Whatever happened to Rock n’ Roll? You know the kind; where you could listen to a song and just feel the grit seething through your speakers. Where a song was written with a purpose and served as an audio sledgehammer for the band producing music and the ear that processed it. It seems like rock n’ roll really started in the 60′s and 70′s as technology started to enable bands to play sounds with such power and force that they literally changed the mindset of a country. Rock n’ Roll spurred thought, and creativity, and brought passion out of people that had been bubbling to the surface for generations.
Music during that time was raw and honest and pure, because it spoke to important words of the day and helped bring people together at a time when people were growing apart. As we moved into the 80′s, technology started to really change, and artists started to take shortcuts into producing music that became homogenized into a wall of pre-packaged sound. When the 90′s came along, bands began to fight back, and all of a sudden bands produced music that Bob Seger would have been proud of.
Which brings us to today. It seems like music has shrunk back into a holding pattern, where social media and money drive the music that we hear, and that our “friends” musical interests are what are now our musical interests. The days of feeling music have gone by the wayside, only to be replaced by artists who are brands and not really bands.

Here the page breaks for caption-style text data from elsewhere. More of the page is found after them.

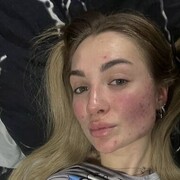 ���������� ����, �����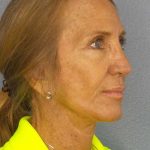 Rhinoplasty Before & After Patient #11062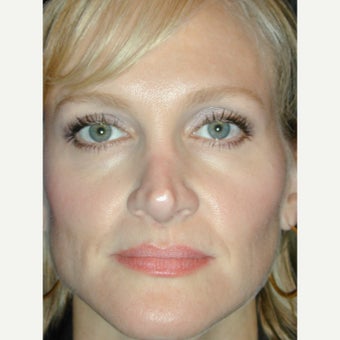 35 year old woman treated with Botox Browlift after 1936131
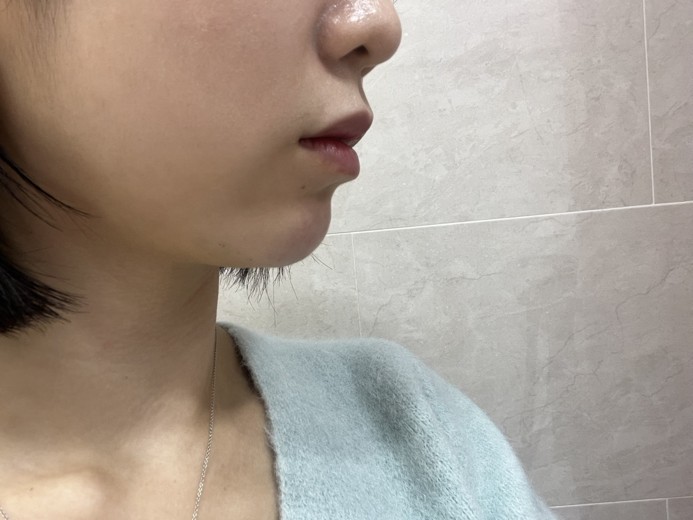 after photo: 턱끝필러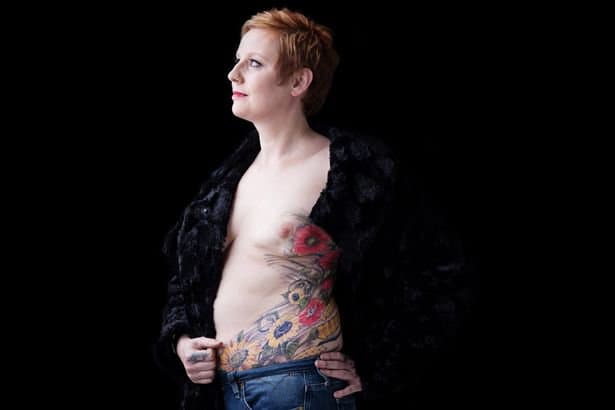(Φωτογραφία: Έρευνα για τον καρκίνο) Αφού αισθάνθηκε αυτοσυνείδητη για τα σημάδια που άφησε πίσω της η μάχη με τον καρκίνο, η Nina Cristinacce αποφάσισε να καλύψει τα σημάδια της με ένα τατουάζ. «Σκέφτηκα ότι μπορεί να με βοηθήσει να συμπαθήσω λίγο περισσότερο, ίσως να αρχίσω να βγαίνω και να νιώθω άνετα με κάποιον ξανά,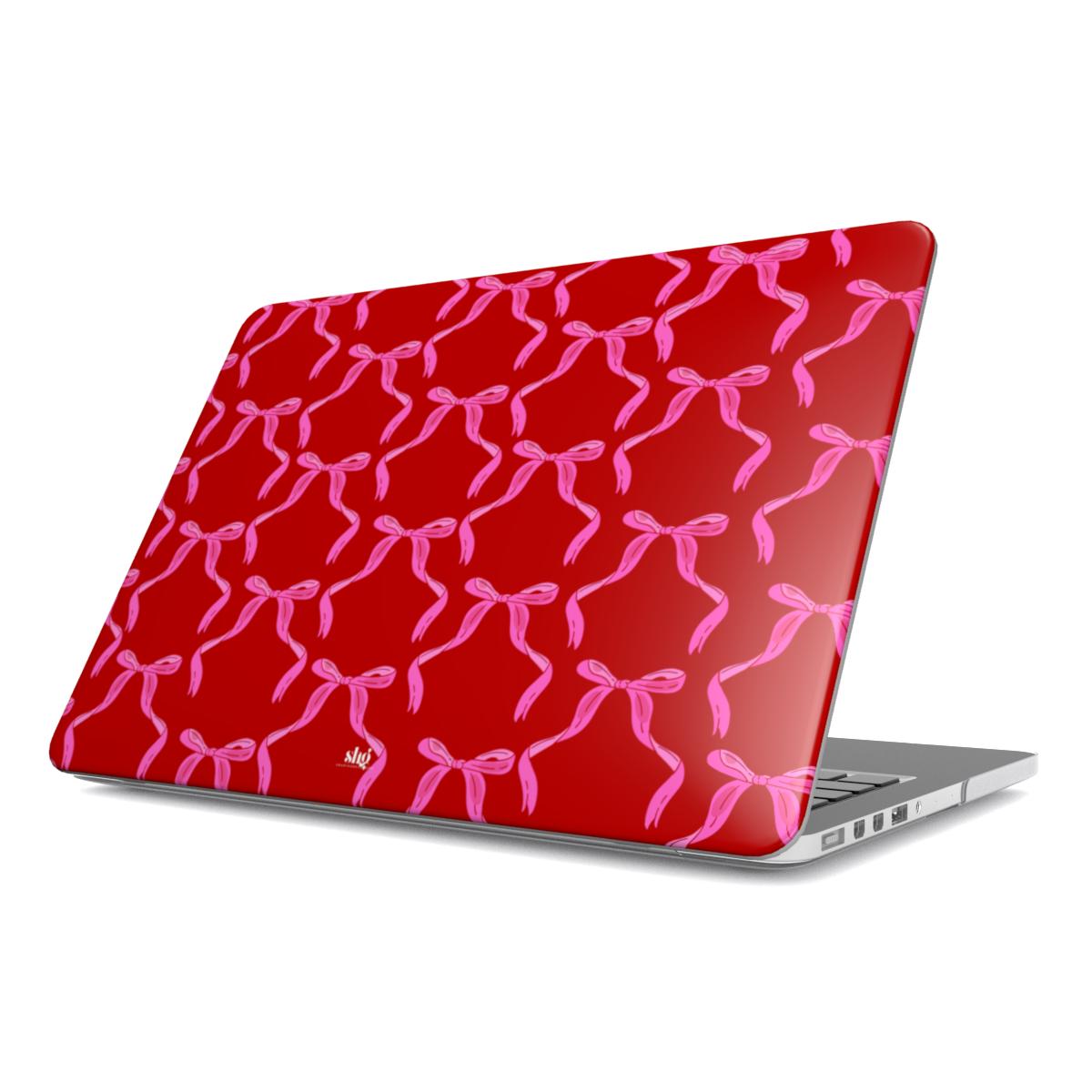 The Coquette It Girl MacBook Case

Enter Zoe Vette and the Revolvers. All of a sudden appears a band that plays rock n’ roll again with a sound that takes you back to the time when music mattered. The beauty of the album B.C. Radio is that you cannot pinpoint it to a particular era or influence, except for the fact that you KNOW it’s roots are in 70′s and 90′s rock, which is a difficult thing to pull off. It’s worth a listen only if you have the ability to feel it; otherwise you are wasting the Revolvers time.